Rules must strike balance
Published 7:40 pm Wednesday, November 10, 2010
The best way to avoid another major financial crisis, members of Congress and the Obama administration believe, is to plug holes in the regulatory system that allowed it to happen.
Generally, they’re right. Specifically, how they go about it will have a lot to say not only about risky lending and reckless gambling by financial institutions, but about economic growth.
The plan unveiled Tuesday by Senate Banking Committee Chairman Christopher Dodd (D-Conn.) may put the latter at risk. Dodd proposes, among many other things, to consolidate four financial regulatory agencies into one colossus that would oversee all banks, of all sizes. Small community banks, the financial lifelines of most local economies, would be regulated by a separate division within the huge new agency.
The problem with that plan was stated well by Gov. Chris Gregoire in a letter last month to the state’s congressional delegation.
A single, federal banking regulator, she wrote, “would naturally focus its attention on the needs, wants and interests of the largest financial institutions and, even if unintentionally, administer policies and practices that would disfavor community banks.

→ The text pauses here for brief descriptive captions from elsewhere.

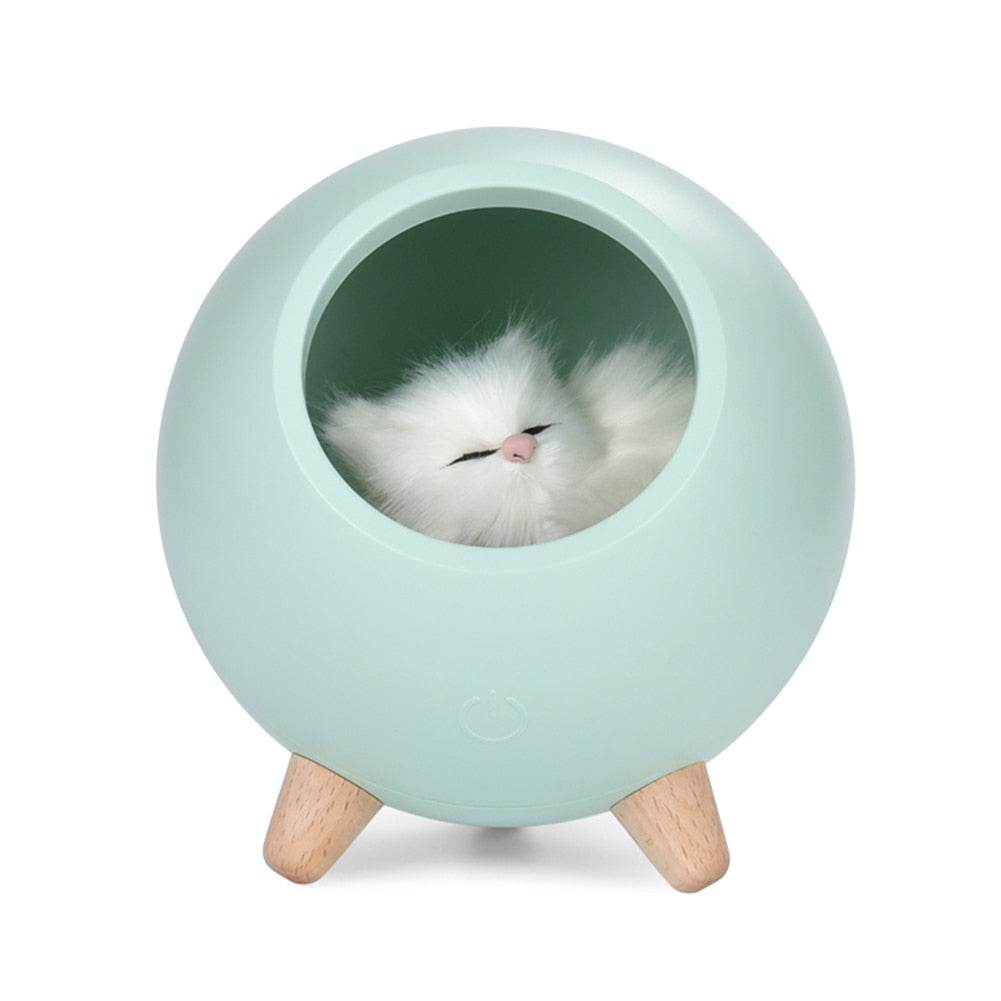 Sleeping Kitten Night Lamp - Vox Megastore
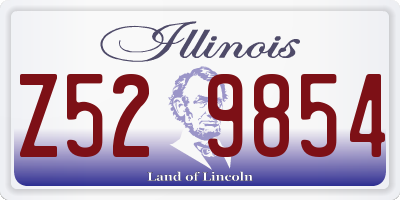 IL license plate Z529854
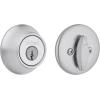 imageKwikset 660 Deadbolt Deadbolt Lock Satin Chrome Round Exterior Keyed Front Entry Door Single Cylinder Dead BoltWithout SmartKey Pack of 12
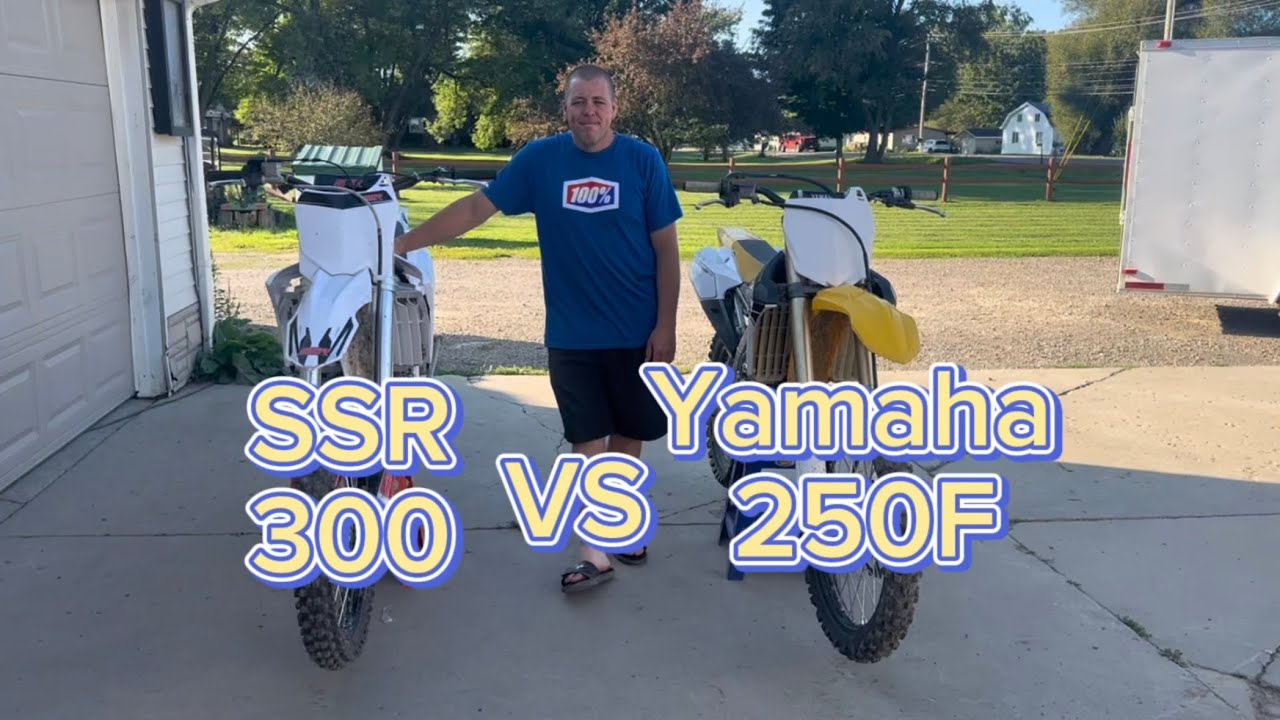 Yamaha YZ250f compared to the SSR SR300f.  Pros and cons!!!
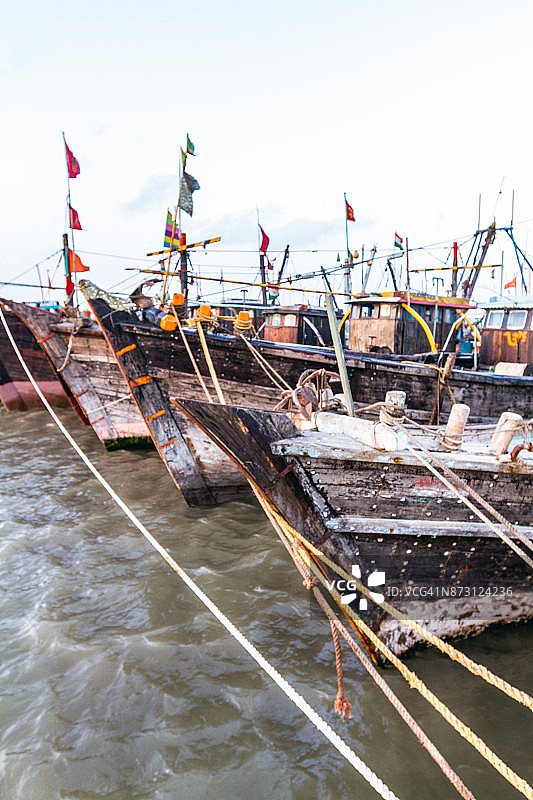 蒂乌岛的渔船图片素材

In the long run, this approach might restrict consumer and small business access to credit and might weaken local economies.”
Talk about your crazy financial risks.
Community banks are already at a disadvantage when it comes to raising capital, because many investors believe banks deemed “too big to fail” will be bailed out by the federal government if they run into trouble.

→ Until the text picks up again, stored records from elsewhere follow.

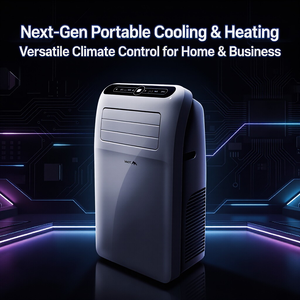 Climatiseur mobile 9000 BTU, refroidissement uniquement, R290, écologique, à fréquence fixe, portable, pour usage intérieur - Product Image 3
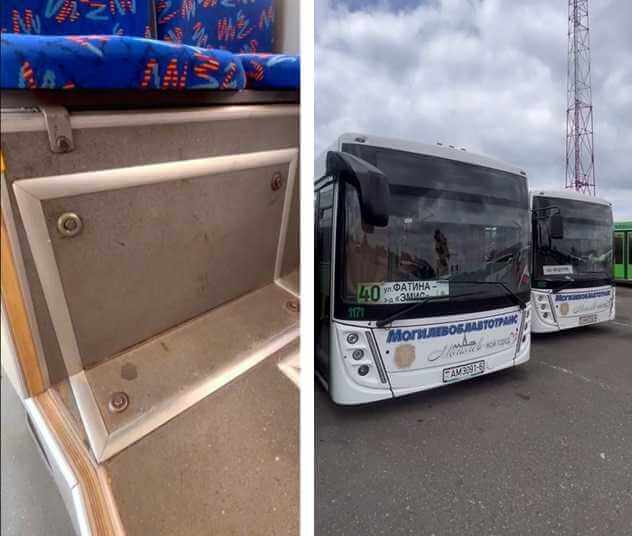 В Могилевском автопарке отреагировали на дыру в полу салона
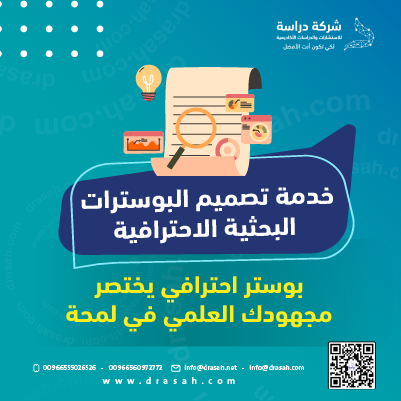 خدمة تصميم البوسترات البحثية الاحترافية | جودة عالية وسرعة إنجاز
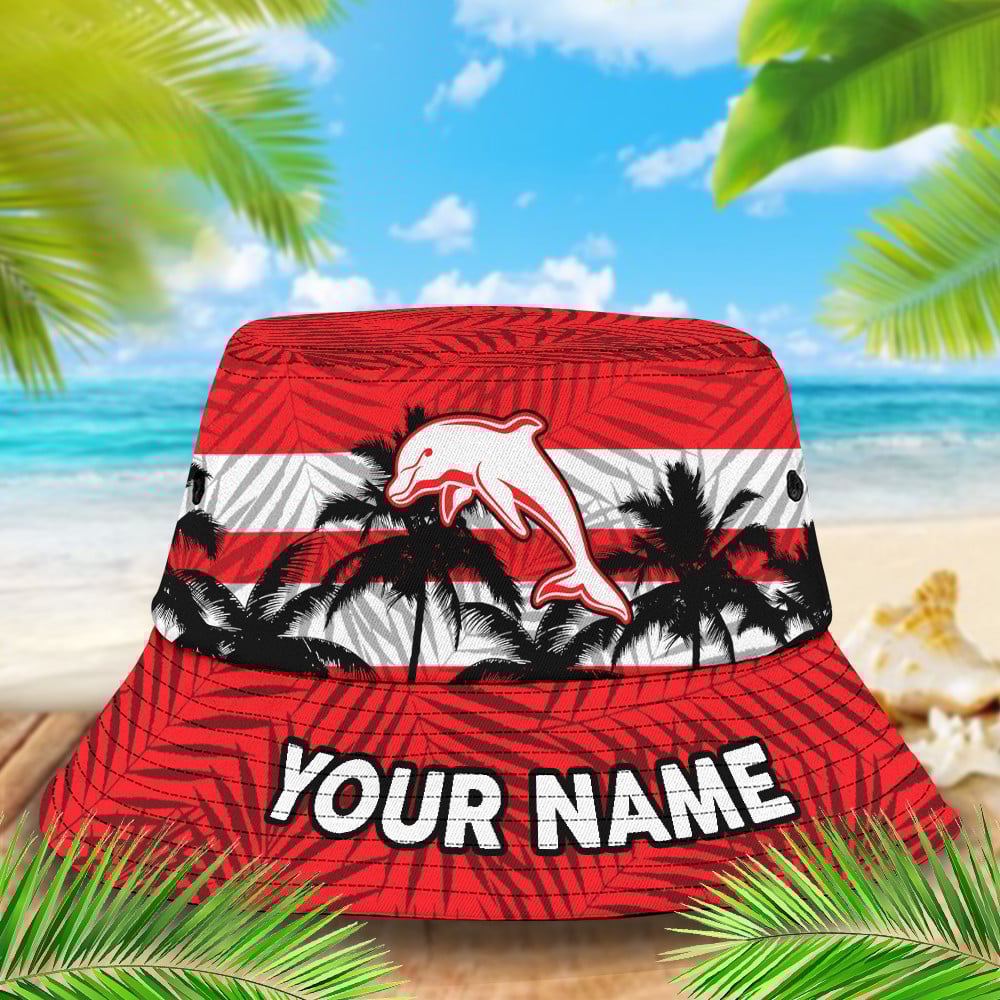 Nrl Dolphins Bucket Hat For Fan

Big banks apparently think the one-big-regulator plan gives them an edge — they support the idea.
An overhaul plan in the House takes a more cautious and responsible approach, merging the four banking agencies down to three. Under the House plan, which is in line with what the White House has advocated, oversight of federally chartered banks would be done by the same agency that supervises savings and loans. The Federal Reserve and the Federal Deposit Insurance Corporation would continue to regulate banks as they do now — presumably with a keener, more learned eye on recklessness.
That’s the course we recommend. The goal should be to provide rules and oversight that eliminate destructive behavior without unduly jeopardizing economic opportunity. Dodd’s proposal doesn’t strike that balance.